Ridgefield-based Corwin Beverage Co. celebrates 75 years in business

Family-owned company adapts to changing times

By LILY RAFF McCAULOU, for The Columbian
Published: April 17, 2016, 6:05am
5 Photos
Harold Corwin, top left, a second-generation owner of Corwin Beverage, leads a group of children on a tour of the company&#039;s Vancouver production facility in the 1950s.
Harold Corwin, top left, a second-generation owner of Corwin Beverage, leads a group of children on a tour of the company's Vancouver production facility in the 1950s. (Courtesy of Heidi Piper Schultz/Corwin Beverage Co.) Photo Gallery

When Kyle and Laura Kendall moved to Vancouver to run a Pepsi distributorship they’d just purchased with their soon-to-be son-in-law called Evergreen Beverage Co., they couldn’t have imagined what the business would eventually become.

Seventy-five years later, Corwin Beverage Co. is owned by the third and fourth generations of that family.

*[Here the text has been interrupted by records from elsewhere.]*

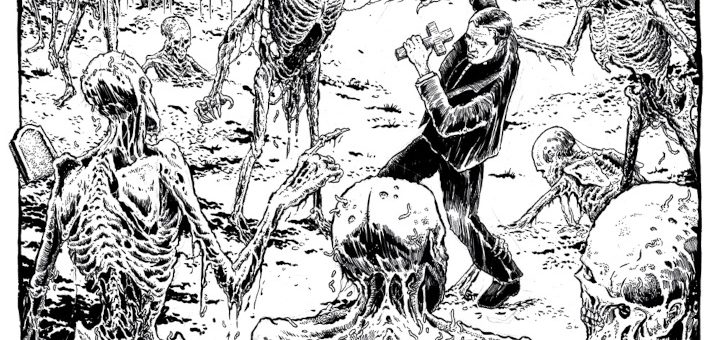 Das Albumcover von "Moribound" von Eternal Rot zeigt eine Schwarz-Weiß-Zeichnung auf der ein Mann in schwarzem Anruf von verwesenden Skeletten auf einem Friedhof angegriffen wird. Der Mann hält ein Kreuz in der Hand und versucht sich mit der anderen Hand zu wehren.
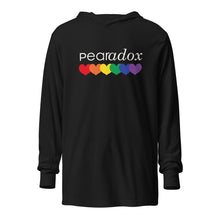 Load image into Gallery viewer, Pearadox Rainbow Hearts Hooded long-sleeve tee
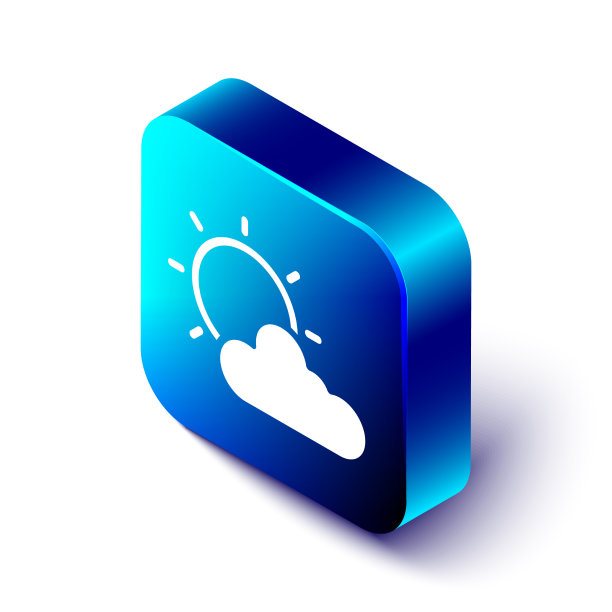 等距太阳和云的天气图标孤立图片下载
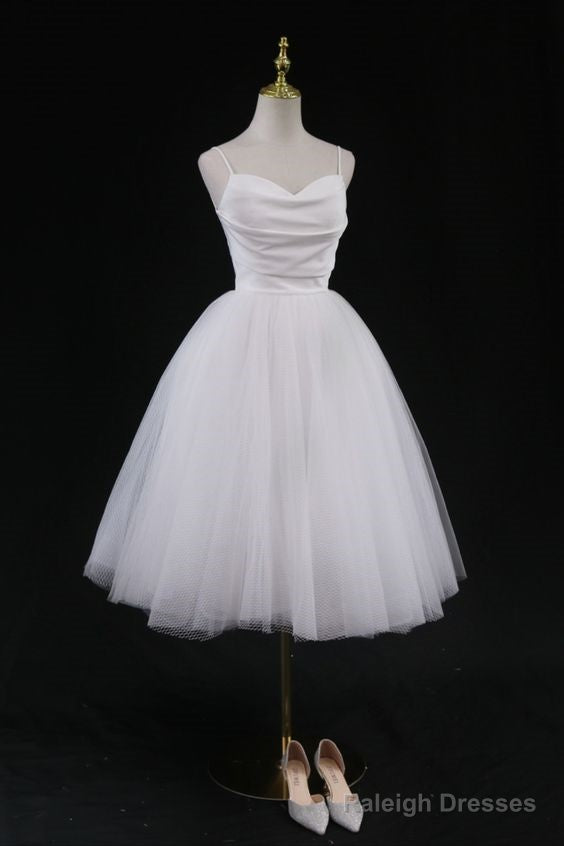 Vintage Style White Midi Casual Wedding Dress Homecoming Dress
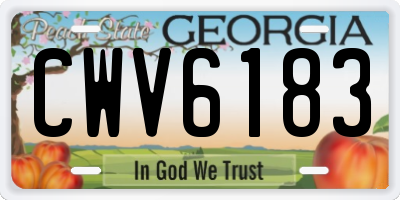 GA license plate CWV6183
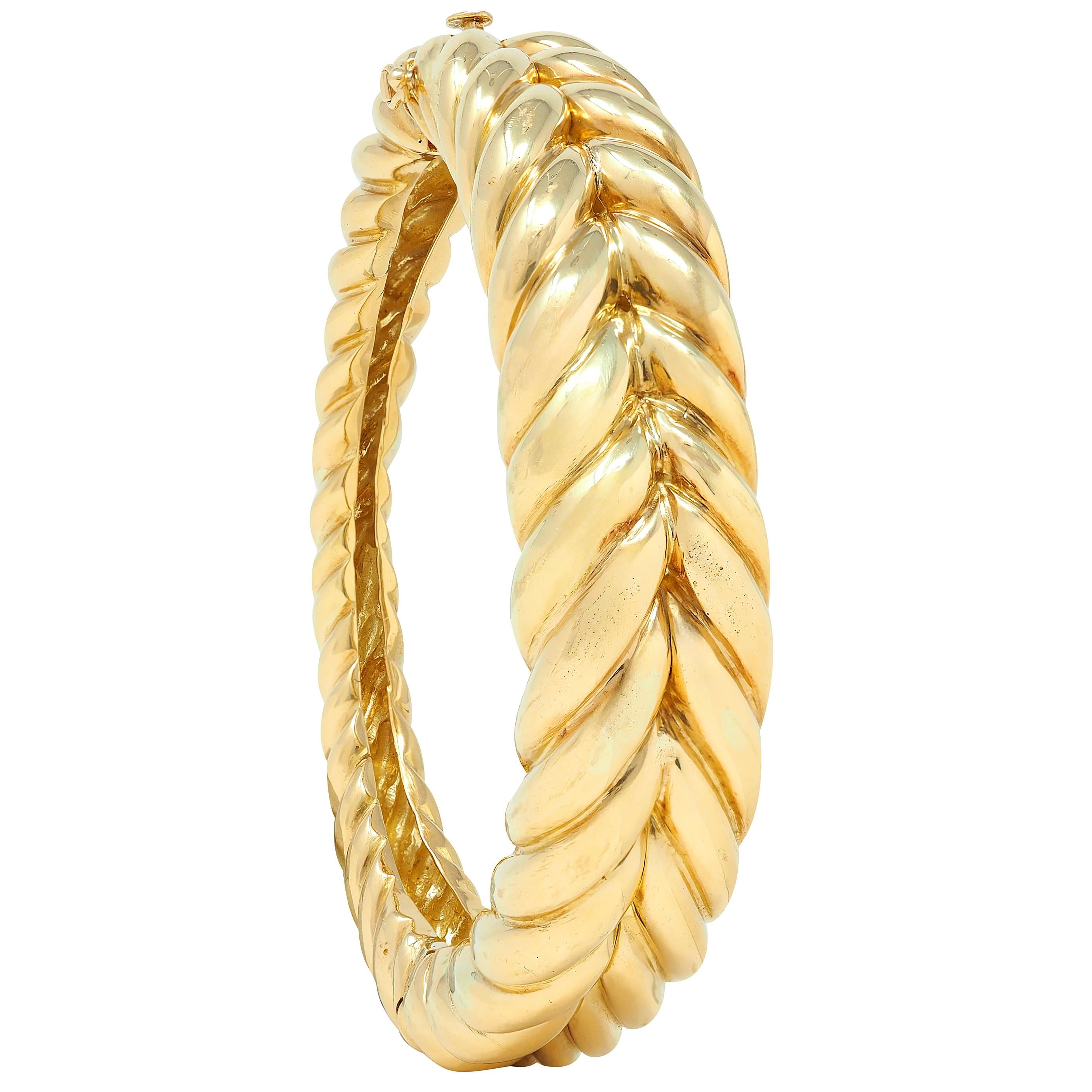 Tiffany & Co. 1980's 18 Karat Yellow Gold Vintage Weave Bangle Bracelet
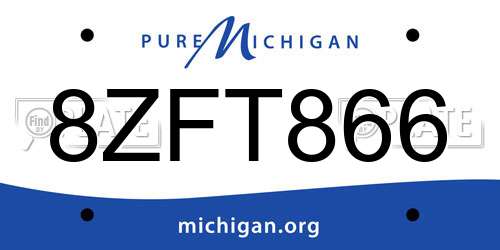 8ZFT866 Michigan License Plate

It has grown from three employees to about 130 and now offers not just Pepsi but roughly 700 products, including bottled water, tea, sports drinks and snacks.

In its 75 years, the business has made countless adjustments to keep up with a fast-changing industry. The latest decade has been the most eventful yet for the company, which has expanded its product offerings and service area, and brought in leadership from outside the family.

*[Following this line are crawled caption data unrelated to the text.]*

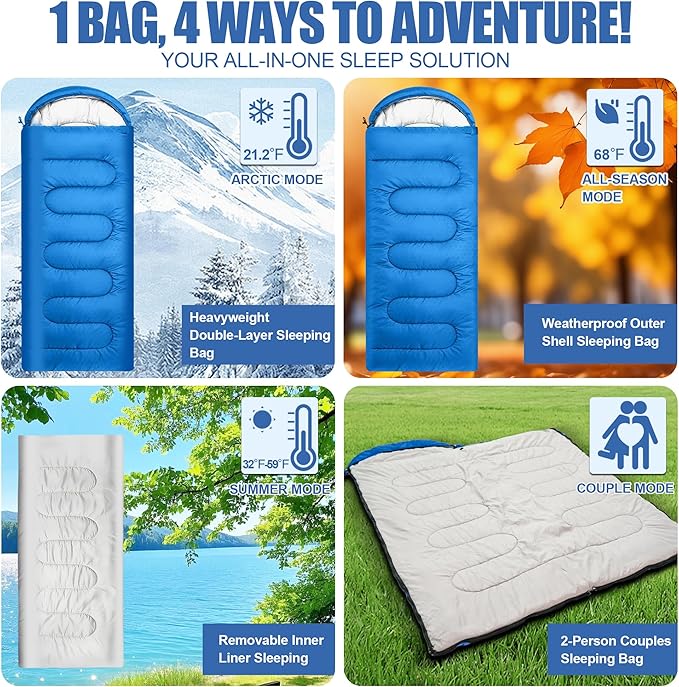 2-in-1 Detachable Sleeping BagWaterproof 4-Season Adult Sleeping Bags w/Removable Cotton Liner – Converts to 2 Lightweight Bags for Camping Hiking Travel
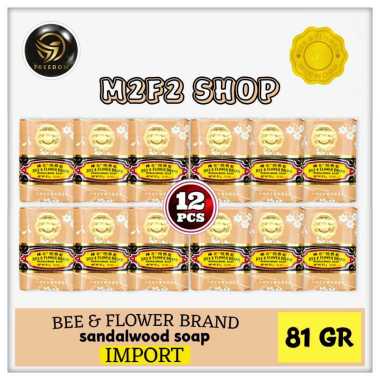 Bee & Flower Brand Sandalwood Soap Bar | Sabun Mandi Bunga & Tawon Aroma Kayu Cendana Batang - 81 gr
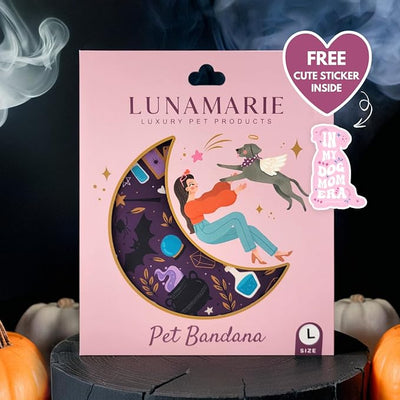 LunaMarie - Luxury Dog Bandanas - Cute Witch Magic Design | Premium & Silky Fabric | 100% Handmade | Custom Shape Dual Layered Reversible Small, Medium, Large Cat Scarf (Bewitched, Large)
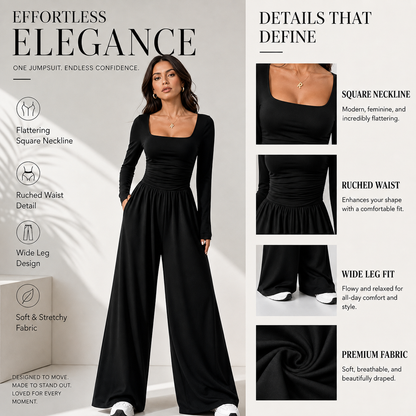 Womens Square Neck Long Sleeve Jumpsuit Ruched Wide Leg Outfits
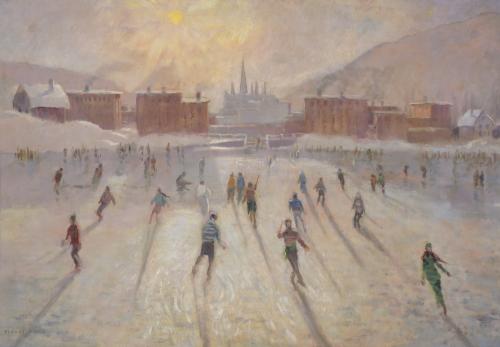 FRANCISCO PLANAS DORIA (1879-1955).  "PATINANDO EN DAVOS,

Corwin overcame steep odds to get here. There are only 84 independently owned Pepsi distributors in the country, as 75 percent of Pepsi distributors are now owned by large corporations. And although 90 percent of businesses are family-owned, just 12 percent of family firms are still viable by the third generation, and only 3 percent of them make it to the fourth generation and beyond.

A family of owners

Current owners are listed in bold:

First generation: Kyle and Laura Kendall.

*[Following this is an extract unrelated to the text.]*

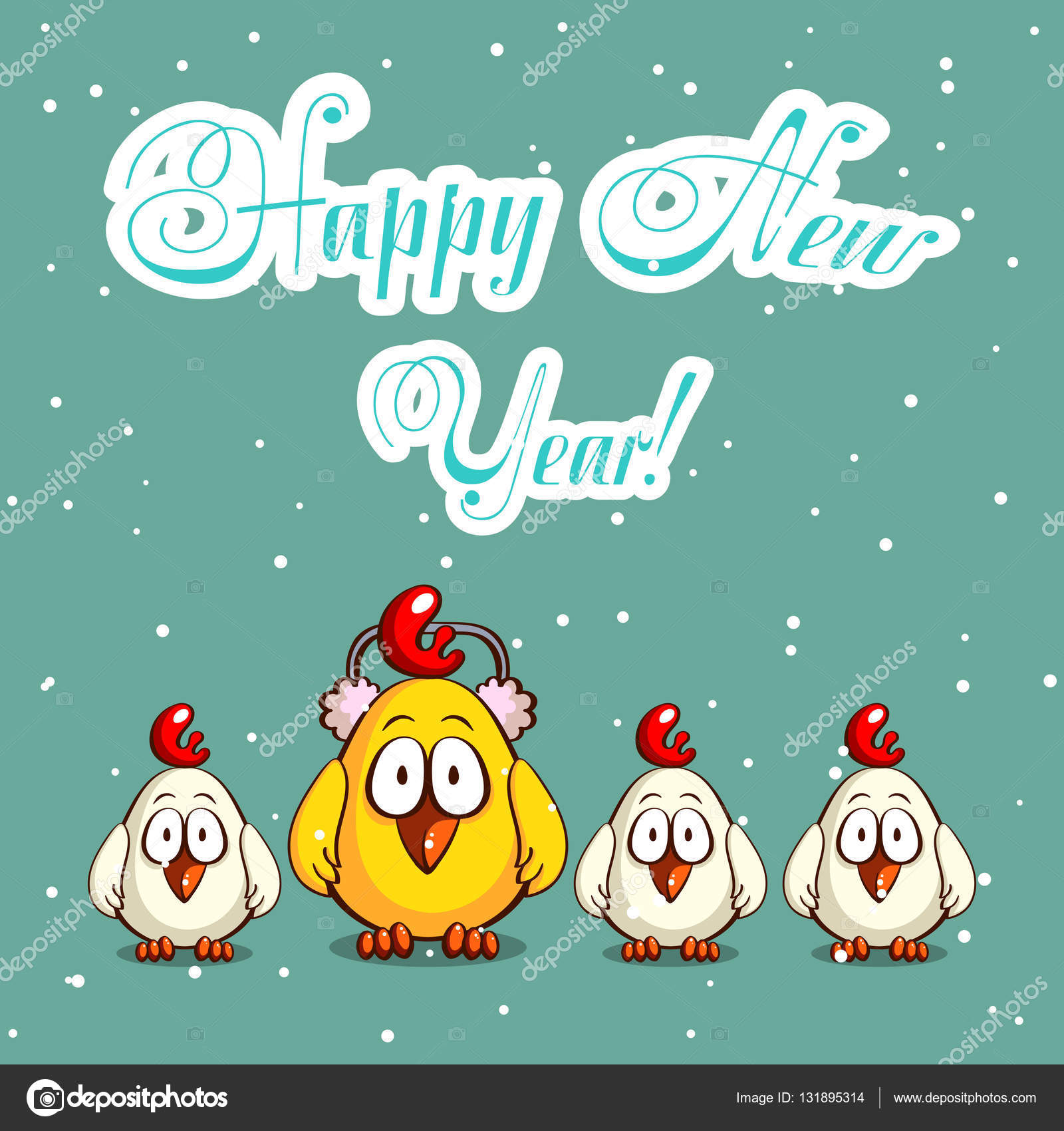 Greeting card with funny cartoon chicks on snowy background Vector illustration — Vector by your solution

Second generation: Harold and Barbara Corwin.

Third generation: Kyle and Kathy Corwin (65), Nancy Bjerkman (71).

Fourth generation: Heidi Piper Schultz (40), Courtney Barker (40), Erik Bjerkman (38).

Fifth generation (potential future owners): Seven children (up to age 11).

According to the five family members who own the business today, the community has been key to Corwin’s long-term success.

“We are a Pepsi town and very proud of it,” said Kathy Corwin, a third-generation family member and one of the current owners. “We have Pepsi in our blood.”

Central Oregon roots

The story began in Bend, Ore., where the Kendalls owned Kendall’s Pioneer Distributing. That company sold beer and — though the family today doesn’t dwell on it — Coca-Cola. After just a few years in business, the Kendalls, along their daughter, Barbara, and their future son-in-law, Harold Corwin, moved to Washington take over a business they quickly renamed the Pepsi-Cola Bottling Co. of Vancouver.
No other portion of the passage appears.